What is called policy is sometimes spoken of in the same sense as prudence, but its nature is cunning. It is a thing of many aspects and of many tongues; it can appear in any form and speak in any language. It is sometimes called management, but is not worthy of that good name, inasmuch as it is but a compound of sagacity and deceit, of duplicity and of meanness. It puts on the semblance of kindness and concern for your good, but its heart is treachery and selfishness.
This principle, strange as it may seem, is of very extensive influence. It is adopted and acted upon by multitudes, who claim to be respectable and intelligent men, and is not confined to the few or those of the baser sort. Its devotees may not be aware that this is their ruling principle of action. They mistake its meaning by giving it a wrong name. They call it prudence, discretion, wisdom. Alas! it is not guided by the high principles of integrity, which beautify and adorn those noble attributes of perfect manhood. Its appropriate name is policy, the sister of cunning, the child of deception and duplicity.

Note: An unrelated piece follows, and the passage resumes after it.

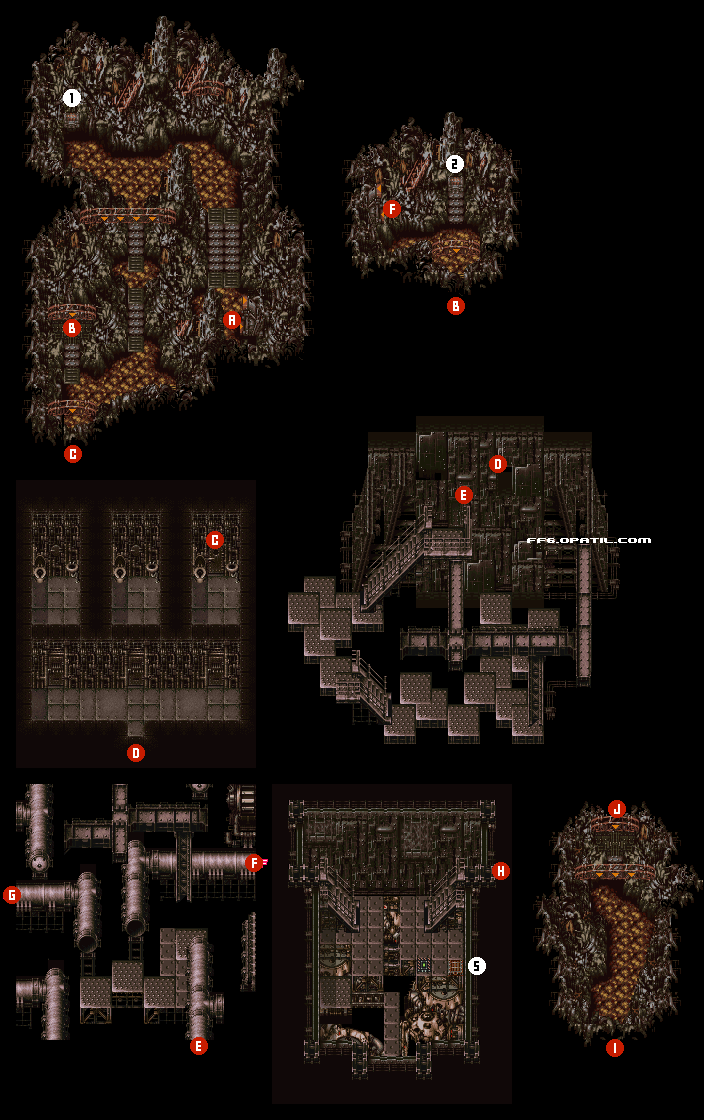 瓦礫の塔・中央ルート2 マップ画像：ファイナルファンタジー6 攻略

This principle of double dealing, of artful accommodation and management, is eminently characteristic of the present age. It meets every man on his blind side, and by stratagem makes a tool of him to accomplish its own wily and selfish purposes. If he is weak, it deceives him by its artifices; if he is vain, it puffs up his vanity by flattery; if he is avaricious, it allures him with the prospect of gain; if he is ambitious, it promises him promotion; if he is timid, it threatens him. Its leading maxim is, “The end justifies the means,” and, in pursuing its end, it sticks at nothing that promises success. It may be traced in all departments of business and through all grades of society, from the grand councils of the nation to the little town or parish meeting. Instead of acting in open daylight, pursuing the direct and straightforward path of rectitude and duty, you see men extensively putting on false appearances, working in the dark, and carrying their plans by stratagem and deceit; nothing open, nothing direct and honest; one thing is said, and another thing is meant. When you look for a man in one place, you find him in another. With flattering lips and a double heart do they speak. Their language and conduct do not proceed from fixed principles and open-hearted sincerity, but from a spirit of duplicity and selfish policy.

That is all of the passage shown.